The embattled crypto exchange, FTX Trading Ltd., is nearing the end of its bankruptcy proceedings and has proposed a plan to repay billions to customers and creditors.

This is the conclusion of a complicated case stemming from a major fraud scandal involving FTX’s former CEO.

To settle outstanding debts, the proposed plan calls for a comprehensive restructuring of the company’s assets and finances.

Stakeholders are eager to learn about the future trajectory of FTX’s crypto exchange and how digital token valuations will be determined, leaving creditors wondering how much money they might be able to recover.

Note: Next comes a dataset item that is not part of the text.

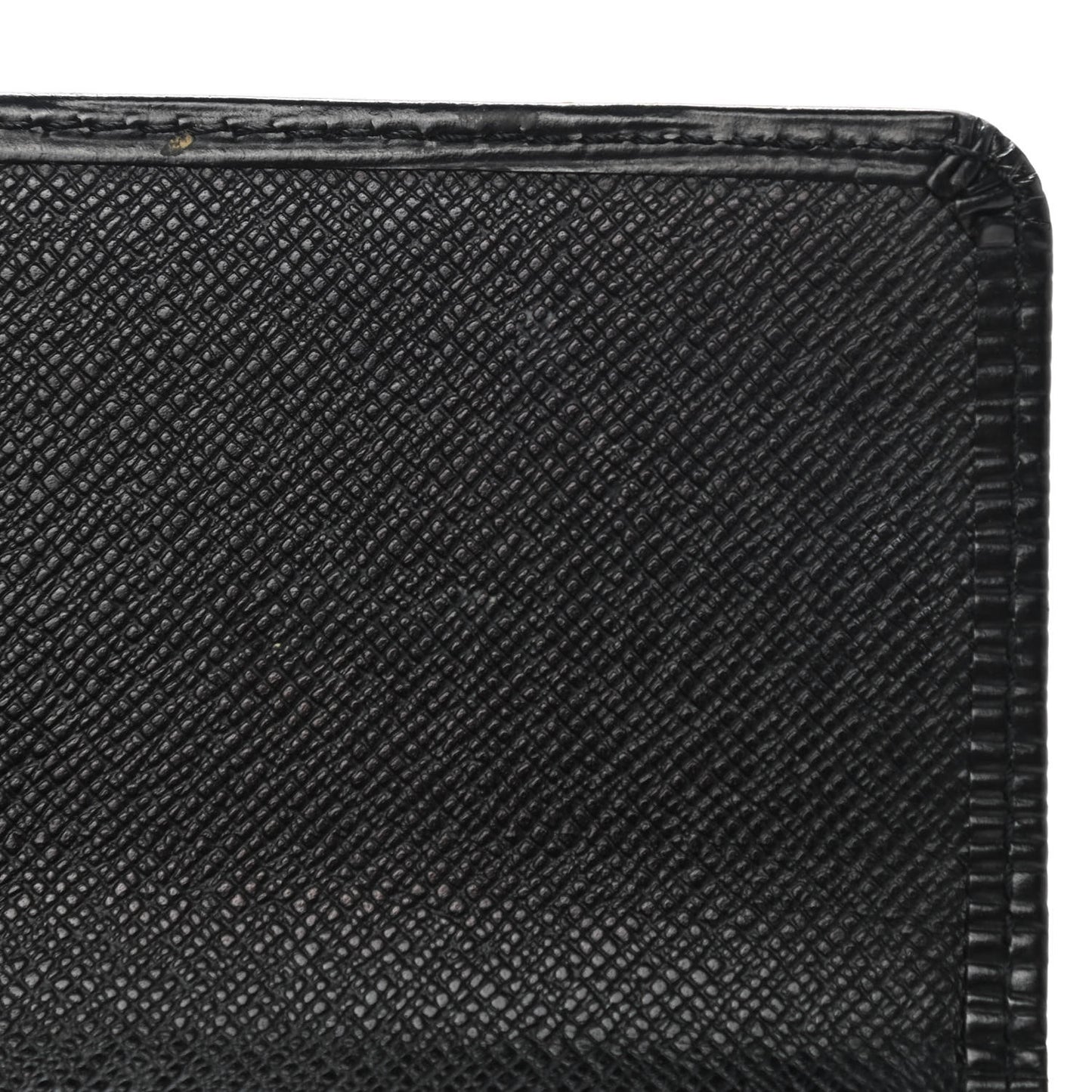 Epi Porte Tresor International Wallet Black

Following the completion of additional details, creditors are expected to vote on the proposed plan next year. The plan, which has received support from major creditor and customer groups, will now be submitted to a bankruptcy judge for approval.

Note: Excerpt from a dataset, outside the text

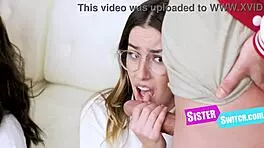 Virgin Teen 18+S Foursome Step Sis Swap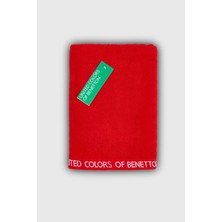 United Colors Of Benetton BE-2811-RD  %100 Pamuk Kırmızı 70X140 cm Banyo Havlusu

A key component of the plan involves FTX Holdings liquidating the company’s cryptocurrency holdings to distribute large cash sums to creditors.

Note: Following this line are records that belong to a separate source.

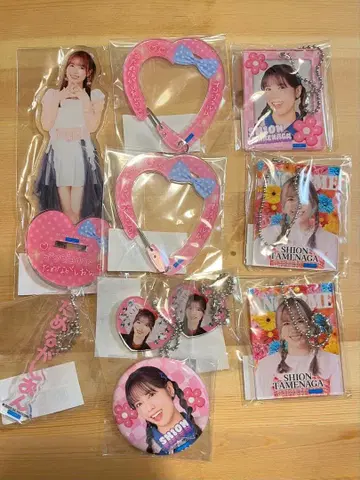 안쥬르므 타메나가 시온 모바가챠 세트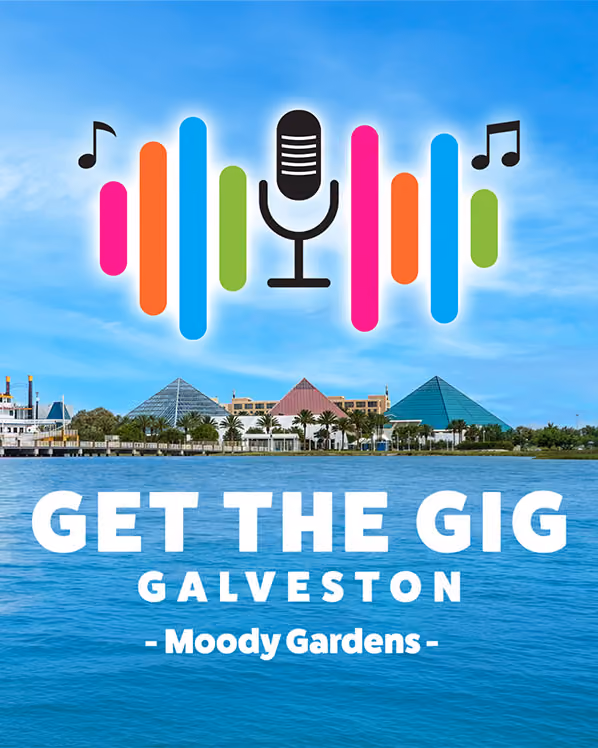 Live music at Moody Gardens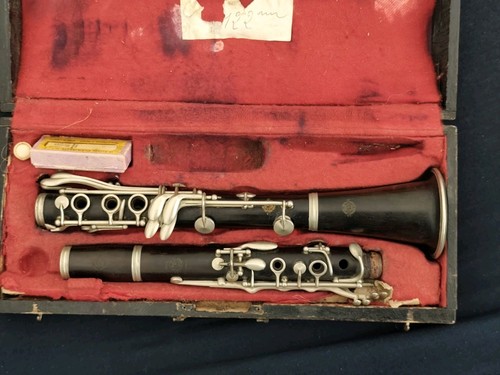 Clarinet selmer balanced - selmer, tone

Given the size of the assets involved, this strategic shift represents a significant departure from FTX’s previous approach.

The founder of FTX, Sam Bankman-Fried, is currently facing legal action for his role in the company’s demise as a result of fraudulent activities. Since the exchange’s demise, industry professionals have been working tirelessly to identify assets and address debts owed to various creditors, including those who invested cash and cryptocurrency in the exchange.

As the details of FTX’s bankruptcy plan emerge, they may serve as a model for the wider crypto industry and regulatory bodies around the world.

The outcome could provide useful insights into managing crises in the crypto space and setting precedents for future proceedings.